On 06/10/2011 05:58 PM, Philipp wrote:
Hi,
sorry for abusing this list for a mostly video editing question, but I
didn't find a proper list and knew that we have some video people on
this list.
I'd like to fix some videos that have partially out of sync video and
audio, meaning that beginning at a certain point in the video the audio
is suddenly out of sync by a couple of seconds. There's no constant
change, the delay seems fixed once it's there.
I wonder how to fix such a thing. The files are xvid encoded videos and
vbr mp3 audio inside avi containers. I thought it should be reasonably
easy to cut and move the audio (re-encode if unavoidable, but I know
it's in principle possible without) and put it back in a container, but
I didn't manage.
Can someone recommend a program/workflow that would allow this?
I tried:
- Avidemux: seems like actual editing is not what this program was
written for, couldn't figure it out, but it seems close
- openshot: couldn't figure out how to separate video/audio
- kino: seems to only work with DV-files, apparently takes ages to
decode the file, doesn't seem to be what I need
- openmovieeditor: I figured it might work by dragging the file to both
a video and an audio track, but I got extremely garbled audio output,
no idea what's wrong
- cinelerra-cv: Doesn't start. No error message, it simply shows no
window, nothing. Well, it does something with the screen, but it shows
nothing.
- pitivi: Doesn't seem like it can play back the video. I can drag the
video to the tracks and it starts to draw a waveform, I guess no video
thumbnails because of: gst.ElementNotFoundError: pngenc
Doesn't seem to be able to play the video.

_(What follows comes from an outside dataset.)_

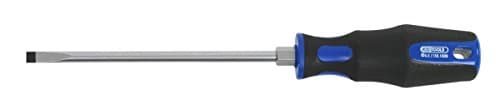 Tournevis KS TOOLS ERGOTORQUEplus Plat 6.5x150mm - Acier Chrome-Vanadium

- kdenlive: would require me to install 30 additional packages, total
about 200MB, no thanks.
I thought it would be a simple task, really nothing fancy. Seems like I
was wrong.
If you're just interested to do it once during playback: with mplayer
you can set A/V offset (using '+' and '-' and 'o' for
on-screen-display). IIRC VLC can do it as well...
If you're up to compiling A3 + videotimeline: it's intended for this
kind of work:
http://rg42.org/wiki/a3vtl - basically it does the
following (but with a nice GUI);
1) separate A/V
ffmpeg -i INPUT.avi -vn audio.wav;
ffmpeg -i INPUT.avi -an -sameq video.avi
2) re-align A/V (by shifting/cutting the audio)
You could do this step with xjadeo & ardour2
3) Mux A/V
ffmpeg -i video -i audio.wav -vcodec copy -sameq output.avi
The A3-vtl video-export offers a lot more ffmpeg encoding options
optimizations.. but the above command should do; see `man ffmpeg` or
`ffmpeg --help` - though reading those is only for the faint-hearted.
google is your friend.
Sorry short reply. I'm a bit tied up this week-end and mostly offline.